Iowa Supreme Court decided King et al. v. State of Iowa on April 20, 2012. The 4-3 decision yielded a majority opinion, two concurring opinions, and two dissenting opinions, totaling 163 pages.
The plaintiffs in this case essentially alleged that the State of Iowa, the Governor of Iowa, the Iowa Department of Education, and the Director of the Iowa Department of Education had failed to exercise sufficient centralized control over public education. See pages 4-9 of the opinion for a statement of the facts and procedural background. A taste from pages 8-9:
It also requests an order of mandamus or permanent injunction directing the defendants to (1) undertake all suitable means to provide an effective education; (2) develop educational content and performance standards for all Iowa school districts which detail required course offerings, instructor capabilities, and testing requirements, among other things; (3) improve or develop state assessments; (4) develop and enforce professional development programs; (5) implement a career ladder to enhance recruitment and retention of quality teachers; (6) enforce the standards by identifying and enforcing consequences for failure to follow and implement such standards; (7) “develop educational management and governance arrangements to mitigate all procedural and structural impediments to an effective education”; and (8) “[c]lose the achievement gaps among the school districts in Iowa.”
It is funny to read in the plaintiffs’ allegations (filed in 2008) in 2012 after the big push this legislative session for an education reform plan recently described by Todd Dorman as “Glass’ vision of a centralized, top-down, core standards-driven, test-till-they-drop reform effort.”

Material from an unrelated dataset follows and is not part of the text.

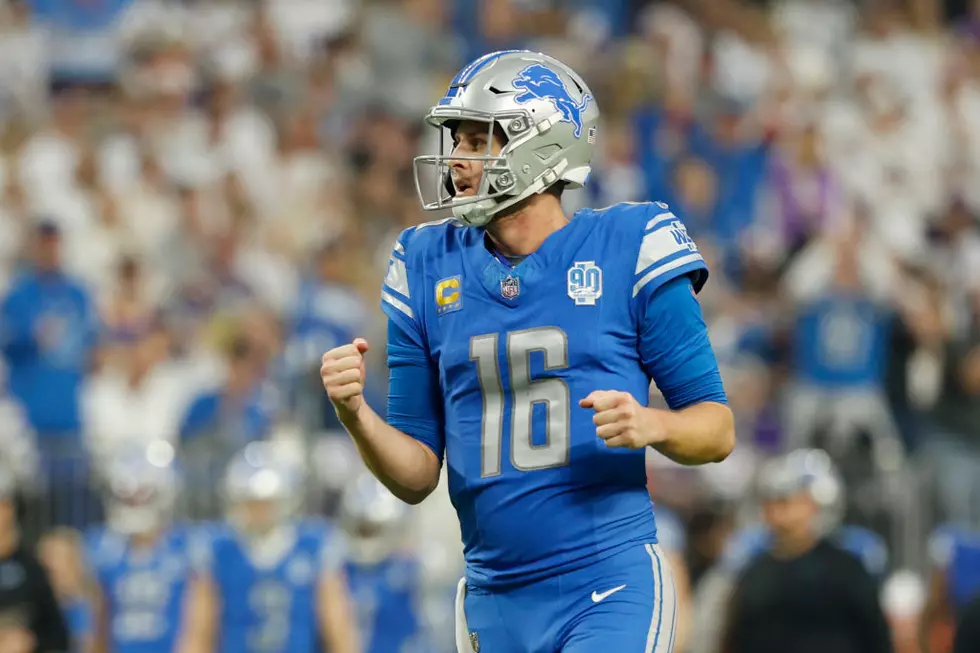 This Scheduling Stat Proves the Detroit Lions are Out of the NFL Basement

The Court affirmed the dismissal of the plaintiffs’ petition, holding “that plaintiffs’ specific challenges to the educational policies of this state are properly directed to the plaintiffs’ elected representatives, rather than the courts.” [page 3]
After the jump, I would just like to highlight some portions of the opinion touching on the nature of a basic education, local control, and due process. I would note that Justice Appel’s dissent, in particular (beginning on page 86), provides an extensive description and discussion of historical roles of national and state governments in educating children, a history of public education in Iowa, an overview of provisions of the Iowa Constitution related to education, and an overview of important education cases.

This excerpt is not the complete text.